Each spring as the school year draws to a close, high schools across the state begin preparing for their junior/senior proms and graduations. While these events are usually met with great anticipation by school administrators, students and parents, there is another dangerous reality ... underage drinking at parties to celebrate the occasions.
While schools do a great job of providing after-prom parties and activities as a safe alternative, too often some students will not attend the school-sponsored party, and instead choose to attend parties that provide alcoholic beverages. This creates a dangerous situation for our young adults, and troopers, deputies and police officers know all too well the possibilities that exist.
Currently, schools across the state are hosting safety demonstrations by MADD, the National Save a Life Tour (a high-impact alcohol awareness program) and law enforcement, in which mock crashes are utilized as a teaching tool for students to understand the ramifications of driving while under the influence of alcohol or drugs.
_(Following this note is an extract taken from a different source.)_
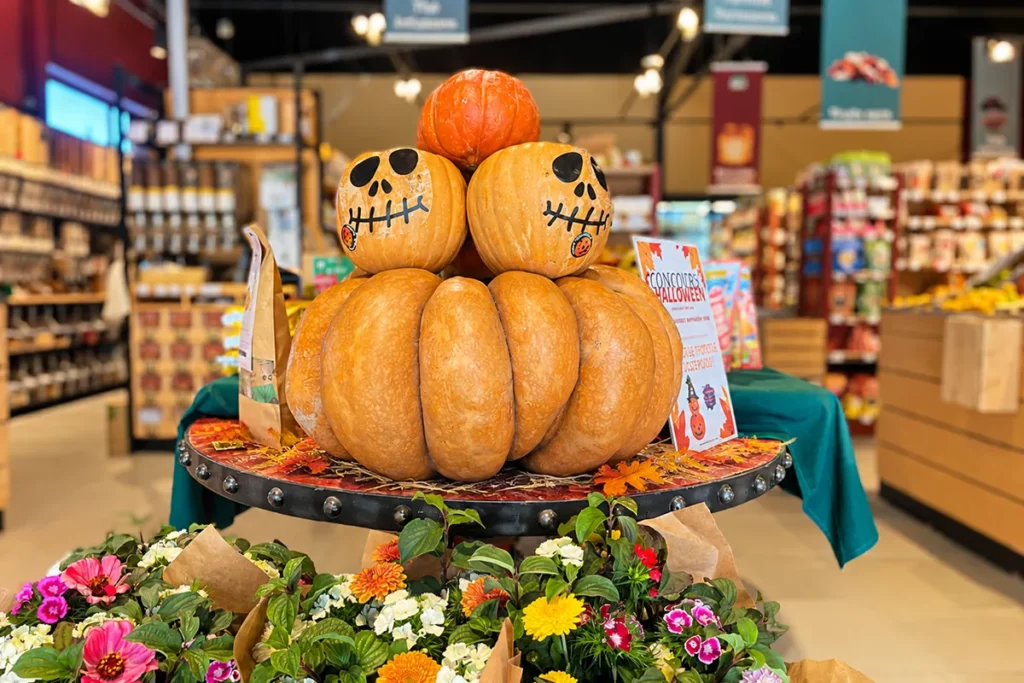 Empilement de courges décorées de visages d'Halloween dans le magasin Alpilles Bio à Saint-Rémy-de-Provence.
These demonstrations are designed to make students think about the consequences of their actions, and understand that poor choices could cost them or someone else their life. These choices can have lifelong consequences for everyone involved.
Law enforcement officers across the state are aware of prom and graduation dates. They are often advised by concerned citizens of illegal parties, and schedule extra enforcement when the parties are occurring. There have been occasions where parents or friends host parties, thinking they will provide a safe environment for teens to party and drink alcohol. These are defined as "social hosting" under KSA 21-3610c, and are illegal. Violation of this law is a Class A misdemeanor, with a minimum fine of $1,000.
Students, we encourage you to make responsible choices. Attend your school-sponsored after-prom parties; resist peer pressure to consume alcohol or drugs. Think about your future. If you are convicted for DUI or drug violations, they are a part of your permanent record and could automatically disqualify you from many professions. Worse yet, you may be involved in a life-altering or life-ending tragedy that will forever impact your memories of this very special time.
Parents, monitor your child's activities. Ask the school to implement a notification policy if students leave prom or the after-prom party early. Check on your child occasionally. If they say they are going somewhere, check to see if they are actually there (they may not like it now, but they will thank you later in life, and remember that lesson when they become parents). Don't become an enabler by hosting drinking parties. Not only are they illegal, but you are liable if someone gets injured or suffers alcohol poisoning.
The Kansas Highway Patrol encourages everyone to celebrate in a safe and legal manner. Please buckle your safety belts, and avoid distractions in your vehicle that prevent you from giving your full attention to driving. Never drink and drive. This season is a time of life-changing moments. Make good memories, not bad ones that will affect you and your families for the rest of your lives.
COL. TERRY MAPLE,
Maple is superintendent of the Kansas Highway Patrol.